**Task to carry out:** In the records below, please retype word for word every line from the one containing "蘇州條形碼系統管理軟件定制開發 專業服務、價格解析與廠家選擇指南" through the final one, both included, and nothing else.
- - - - - - -
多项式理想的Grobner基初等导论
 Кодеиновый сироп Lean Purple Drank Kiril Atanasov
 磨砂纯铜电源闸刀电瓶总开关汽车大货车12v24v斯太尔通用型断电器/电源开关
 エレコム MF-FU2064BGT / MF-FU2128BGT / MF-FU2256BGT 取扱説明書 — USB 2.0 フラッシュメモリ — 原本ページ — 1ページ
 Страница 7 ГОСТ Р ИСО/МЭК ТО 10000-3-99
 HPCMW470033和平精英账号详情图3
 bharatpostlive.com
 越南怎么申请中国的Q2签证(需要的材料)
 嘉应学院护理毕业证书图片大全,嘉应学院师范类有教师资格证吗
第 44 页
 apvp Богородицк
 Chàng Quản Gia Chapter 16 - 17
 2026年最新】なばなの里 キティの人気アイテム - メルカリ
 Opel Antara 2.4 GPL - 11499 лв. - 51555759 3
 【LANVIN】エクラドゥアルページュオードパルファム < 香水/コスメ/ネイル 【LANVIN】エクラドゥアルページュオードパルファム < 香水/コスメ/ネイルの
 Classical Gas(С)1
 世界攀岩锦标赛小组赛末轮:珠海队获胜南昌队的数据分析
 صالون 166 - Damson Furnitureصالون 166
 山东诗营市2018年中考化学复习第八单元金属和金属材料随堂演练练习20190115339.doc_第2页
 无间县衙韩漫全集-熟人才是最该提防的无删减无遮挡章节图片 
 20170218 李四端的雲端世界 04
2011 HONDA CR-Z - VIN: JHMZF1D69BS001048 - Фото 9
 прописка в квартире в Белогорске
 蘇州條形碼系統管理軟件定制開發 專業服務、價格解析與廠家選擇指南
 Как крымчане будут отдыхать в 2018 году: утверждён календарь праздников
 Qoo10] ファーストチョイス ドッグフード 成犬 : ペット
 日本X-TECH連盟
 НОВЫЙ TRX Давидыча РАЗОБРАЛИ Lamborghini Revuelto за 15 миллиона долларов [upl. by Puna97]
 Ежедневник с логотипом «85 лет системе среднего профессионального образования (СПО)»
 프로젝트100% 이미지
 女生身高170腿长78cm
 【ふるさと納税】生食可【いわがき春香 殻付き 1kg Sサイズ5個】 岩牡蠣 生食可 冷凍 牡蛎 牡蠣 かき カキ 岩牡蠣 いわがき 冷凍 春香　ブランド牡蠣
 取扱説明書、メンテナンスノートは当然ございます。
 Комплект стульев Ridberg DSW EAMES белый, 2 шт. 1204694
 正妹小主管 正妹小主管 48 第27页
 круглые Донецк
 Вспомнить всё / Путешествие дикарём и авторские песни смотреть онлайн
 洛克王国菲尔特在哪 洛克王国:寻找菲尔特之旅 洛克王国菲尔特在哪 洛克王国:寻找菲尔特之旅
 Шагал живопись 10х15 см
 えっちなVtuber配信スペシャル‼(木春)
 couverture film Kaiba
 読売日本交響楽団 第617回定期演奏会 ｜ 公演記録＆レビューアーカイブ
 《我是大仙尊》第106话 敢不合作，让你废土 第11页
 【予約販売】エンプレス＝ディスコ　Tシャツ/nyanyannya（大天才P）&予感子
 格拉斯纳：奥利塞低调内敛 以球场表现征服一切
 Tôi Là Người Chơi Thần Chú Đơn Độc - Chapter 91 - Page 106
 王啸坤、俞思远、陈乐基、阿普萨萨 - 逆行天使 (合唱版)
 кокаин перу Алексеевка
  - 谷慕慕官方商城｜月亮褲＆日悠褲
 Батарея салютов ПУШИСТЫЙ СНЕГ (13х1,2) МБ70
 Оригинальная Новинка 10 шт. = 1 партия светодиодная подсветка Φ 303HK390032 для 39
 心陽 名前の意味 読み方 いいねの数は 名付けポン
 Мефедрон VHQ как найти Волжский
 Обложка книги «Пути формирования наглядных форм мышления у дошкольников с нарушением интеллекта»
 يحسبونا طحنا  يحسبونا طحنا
- - - - - - -
**Result:**
 蘇州條形碼系統管理軟件定制開發 專業服務、價格解析與廠家選擇指南
 Как крымчане будут отдыхать в 2018 году: утверждён календарь праздников
 Qoo10] ファーストチョイス ドッグフード 成犬 : ペット
 日本X-TECH連盟
 НОВЫЙ TRX Давидыча РАЗОБРАЛИ Lamborghini Revuelto за 15 миллиона долларов [upl. by Puna97]
 Ежедневник с логотипом «85 лет системе среднего профессионального образования (СПО)»
 프로젝트100% 이미지
 女生身高170腿长78cm
 【ふるさと納税】生食可【いわがき春香 殻付き 1kg Sサイズ5個】 岩牡蠣 生食可 冷凍 牡蛎 牡蠣 かき カキ 岩牡蠣 いわがき 冷凍 春香　ブランド牡蠣
 取扱説明書、メンテナンスノートは当然ございます。
 Комплект стульев Ridberg DSW EAMES белый, 2 шт. 1204694
 正妹小主管 正妹小主管 48 第27页
 круглые Донецк
 Вспомнить всё / Путешествие дикарём и авторские песни смотреть онлайн
 洛克王国菲尔特在哪 洛克王国:寻找菲尔特之旅 洛克王国菲尔特在哪 洛克王国:寻找菲尔特之旅
 Шагал живопись 10х15 см
 えっちなVtuber配信スペシャル‼(木春)
 couverture film Kaiba
 読売日本交響楽団 第617回定期演奏会 ｜ 公演記録＆レビューアーカイブ
 《我是大仙尊》第106话 敢不合作，让你废土 第11页
 【予約販売】エンプレス＝ディスコ　Tシャツ/nyanyannya（大天才P）&予感子
 格拉斯纳：奥利塞低调内敛 以球场表现征服一切
 Tôi Là Người Chơi Thần Chú Đơn Độc - Chapter 91 - Page 106
 王啸坤、俞思远、陈乐基、阿普萨萨 - 逆行天使 (合唱版)
 кокаин перу Алексеевка
  - 谷慕慕官方商城｜月亮褲＆日悠褲
 Батарея салютов ПУШИСТЫЙ СНЕГ (13х1,2) МБ70
 Оригинальная Новинка 10 шт. = 1 партия светодиодная подсветка Φ 303HK390032 для 39
 心陽 名前の意味 読み方 いいねの数は 名付けポン
 Мефедрон VHQ как найти Волжский
 Обложка книги «Пути формирования наглядных форм мышления у дошкольников с нарушением интеллекта»
 يحسبونا طحنا  يحسبونا طحنا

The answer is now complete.